Let’s take Cam Newton for example. I think the perception of Cam changes if the bar gets lowered a little. People will see the things he can do — throw deep, pick up first downs with his legs and be durable — more than the things he can’t — run a 4-wide offense like Peyton Manning.


I think part of the reason people might convince Manning to stick around is his 2013 performance: 68 percent completions, 5,477 yards, 55 touchdowns, only 10 interceptions and 8.3 yards per pass. But I think we should take into account: Peyton was playing with by far the best set of skill position players he’s ever had and the scheme, with lots of short throws, helped compensate for a loss of arm strength.
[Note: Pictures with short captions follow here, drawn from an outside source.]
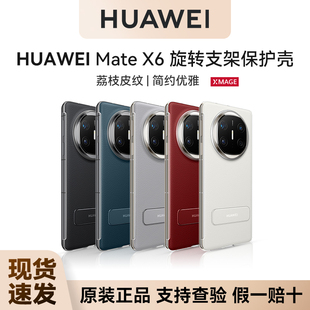 华为原装matex6系列旋转支架素皮保护壳 智能视窗支架保护套 微泵液冷手机壳官方正品超薄防摔商务新款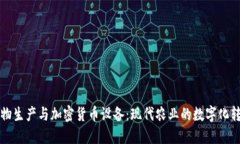 谷物生产与加密货币设备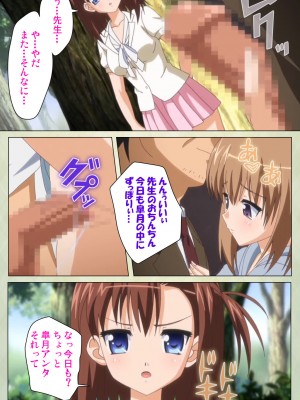 [ブルーゲイル] JKと淫行教師4～なまいきモデル少女編～ 完全版_embed0200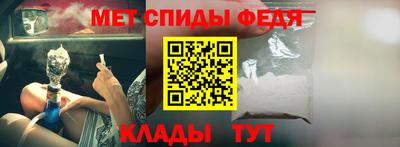 MDMA Premium VHQ Конаково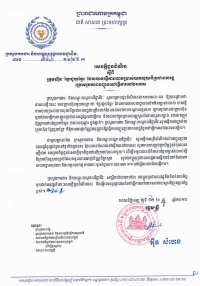 សេចក្ដីជូនដំណឹង ស្ដីពីក្រុមហ៊ុន «ខ្មែរជួយខ្មែរ» ដែលបានធ្វើការបោកប្រាស់យកលុយពីប្រជាពលរដ្ឋ ក្រោមរូបភាពបញ្ចូនទៅធ្វើការនៅបរទេស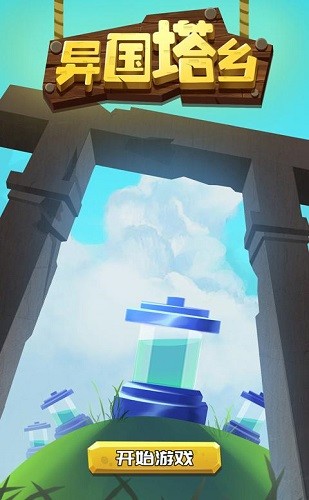 異國塔鄉(xiāng)手游 v1.0 安卓版 1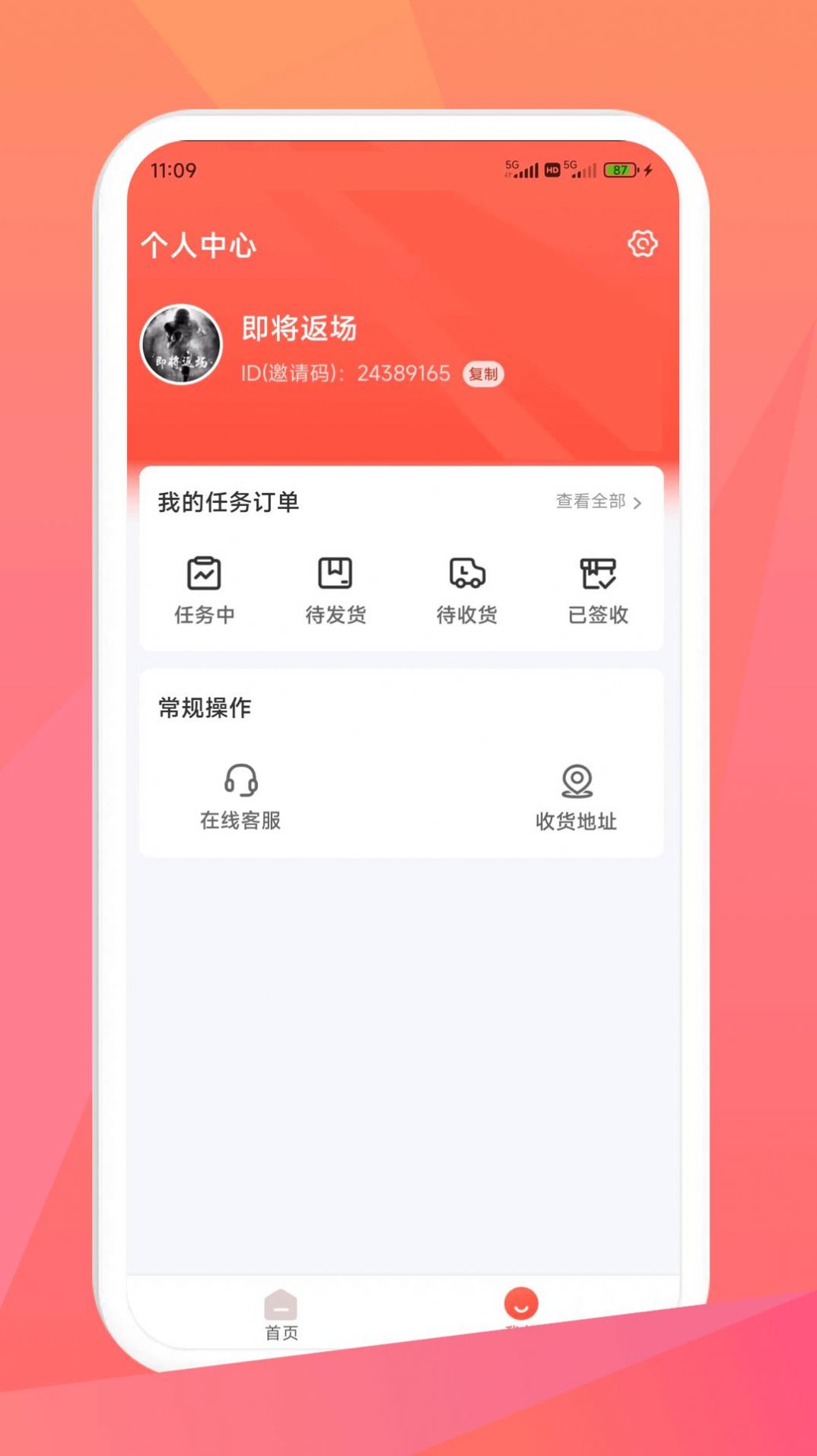 米米库极速版app图2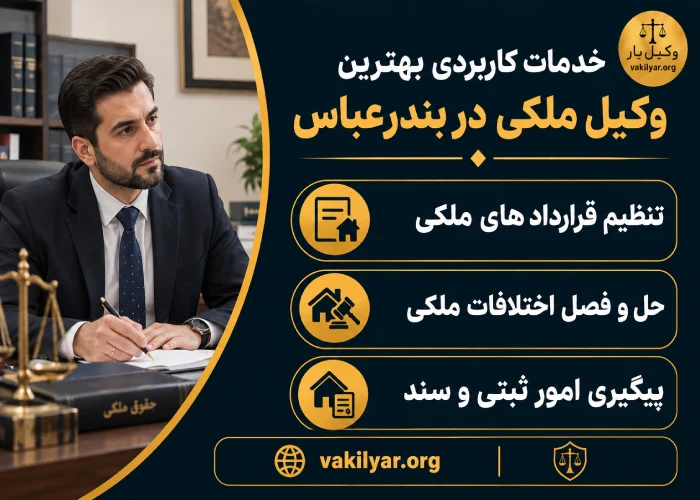 خدمات بهترین وکیل ملکی در بندرعباس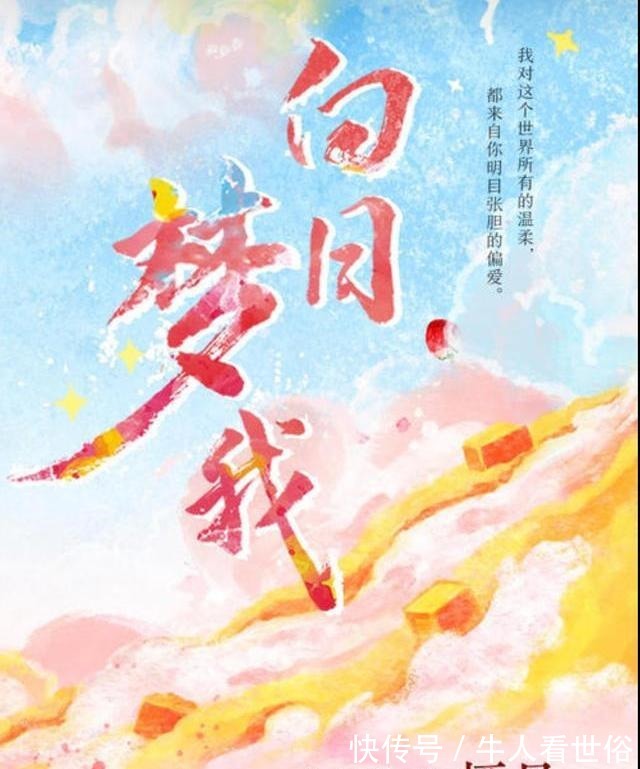 言情小说|超好看的12本神仙姐妹篇言情小说,适合收藏起来甜甜的看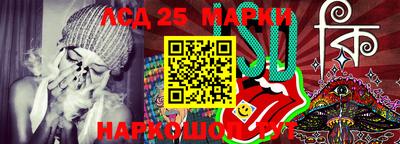 герыч Малоярославец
It’s a good thing one of the purveyors of that scheme, head coach John Fox, is still around … Hold on … Wait, you’re telling me the Broncos fired John Fox?

What the Hell is going on out here?

Seriously, the Broncos are out of their collective horse minds if they think they can find a better coach than John Fox.

Here’s the active coaches who have coached in a Super Bowl:

  • Bill Bilechick (3-2)
  • Tom Coughlin (win, win)
  • Mike Tomlin (win, loss)
  • John Harbaugh (win)
  • Pete Carroll (win)
  • Mike McCarthy (win)
  • Sean Payton (win)
  • Jeff Fisher (loss)
  • Jim Caldwell (loss)
  • Andy Reid (loss)
  • Lovie Smith (loss)

So John Fox is one of four active coaches, because he’s already got a job with the Bears, who’s coached two Super Bowls. All the rest of those guys are happily married with their current teams. Jim Harbaugh (loss) would have been an interesting candidate but he’s stuck with the Michigan job for now.

Now there are some other guys floating around. I think I’ll break them down one-by-one.

Mike Shanahan

I like to think this is what he looked like when he watched RG3's knee explode.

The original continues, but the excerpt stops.